Problem statement. Please transcribe each of the records exactly as given.

Provided material.
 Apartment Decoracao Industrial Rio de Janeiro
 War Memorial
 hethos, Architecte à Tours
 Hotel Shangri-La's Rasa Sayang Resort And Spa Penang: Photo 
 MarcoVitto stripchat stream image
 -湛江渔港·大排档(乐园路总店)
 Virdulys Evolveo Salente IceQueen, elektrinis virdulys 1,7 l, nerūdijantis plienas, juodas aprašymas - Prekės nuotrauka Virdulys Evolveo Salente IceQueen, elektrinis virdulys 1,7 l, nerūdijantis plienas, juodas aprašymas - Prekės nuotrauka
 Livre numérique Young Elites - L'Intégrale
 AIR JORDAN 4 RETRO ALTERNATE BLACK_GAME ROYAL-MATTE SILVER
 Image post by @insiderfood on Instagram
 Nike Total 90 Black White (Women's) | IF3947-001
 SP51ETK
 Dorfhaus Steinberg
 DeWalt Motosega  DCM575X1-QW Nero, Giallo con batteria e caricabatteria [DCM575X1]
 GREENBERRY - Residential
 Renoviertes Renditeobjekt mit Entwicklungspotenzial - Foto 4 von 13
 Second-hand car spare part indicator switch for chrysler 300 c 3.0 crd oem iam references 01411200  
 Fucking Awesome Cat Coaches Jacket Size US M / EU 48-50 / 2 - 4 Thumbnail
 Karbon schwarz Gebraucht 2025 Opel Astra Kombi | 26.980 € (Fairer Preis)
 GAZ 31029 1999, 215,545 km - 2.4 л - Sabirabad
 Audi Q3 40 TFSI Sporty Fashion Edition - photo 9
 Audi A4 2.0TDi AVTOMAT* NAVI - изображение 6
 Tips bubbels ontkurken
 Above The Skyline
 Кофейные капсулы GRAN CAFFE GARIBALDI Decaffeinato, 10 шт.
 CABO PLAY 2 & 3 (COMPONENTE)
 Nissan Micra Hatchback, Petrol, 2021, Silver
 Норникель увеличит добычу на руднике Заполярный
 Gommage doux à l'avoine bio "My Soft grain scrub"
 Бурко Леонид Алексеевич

Result for this exercise.
 Apartment Decoracao Industrial Rio de Janeiro
 War Memorial
 hethos, Architecte à Tours
 Hotel Shangri-La's Rasa Sayang Resort And Spa Penang: Photo 
 MarcoVitto stripchat stream image
 -湛江渔港·大排档(乐园路总店)
 Virdulys Evolveo Salente IceQueen, elektrinis virdulys 1,7 l, nerūdijantis plienas, juodas aprašymas - Prekės nuotrauka Virdulys Evolveo Salente IceQueen, elektrinis virdulys 1,7 l, nerūdijantis plienas, juodas aprašymas - Prekės nuotrauka
 Livre numérique Young Elites - L'Intégrale
 AIR JORDAN 4 RETRO ALTERNATE BLACK_GAME ROYAL-MATTE SILVER
 Image post by @insiderfood on Instagram
 Nike Total 90 Black White (Women's) | IF3947-001
 SP51ETK
 Dorfhaus Steinberg
 DeWalt Motosega  DCM575X1-QW Nero, Giallo con batteria e caricabatteria [DCM575X1]
 GREENBERRY - Residential
 Renoviertes Renditeobjekt mit Entwicklungspotenzial - Foto 4 von 13
 Second-hand car spare part indicator switch for chrysler 300 c 3.0 crd oem iam references 01411200  
 Fucking Awesome Cat Coaches Jacket Size US M / EU 48-50 / 2 - 4 Thumbnail
 Karbon schwarz Gebraucht 2025 Opel Astra Kombi | 26.980 € (Fairer Preis)
 GAZ 31029 1999, 215,545 km - 2.4 л - Sabirabad
 Audi Q3 40 TFSI Sporty Fashion Edition - photo 9
 Audi A4 2.0TDi AVTOMAT* NAVI - изображение 6
 Tips bubbels ontkurken
 Above The Skyline
 Кофейные капсулы GRAN CAFFE GARIBALDI Decaffeinato, 10 шт.
 CABO PLAY 2 & 3 (COMPONENTE)
 Nissan Micra Hatchback, Petrol, 2021, Silver
 Норникель увеличит добычу на руднике Заполярный
 Gommage doux à l'avoine bio "My Soft grain scrub"
 Бурко Леонид Алексеевич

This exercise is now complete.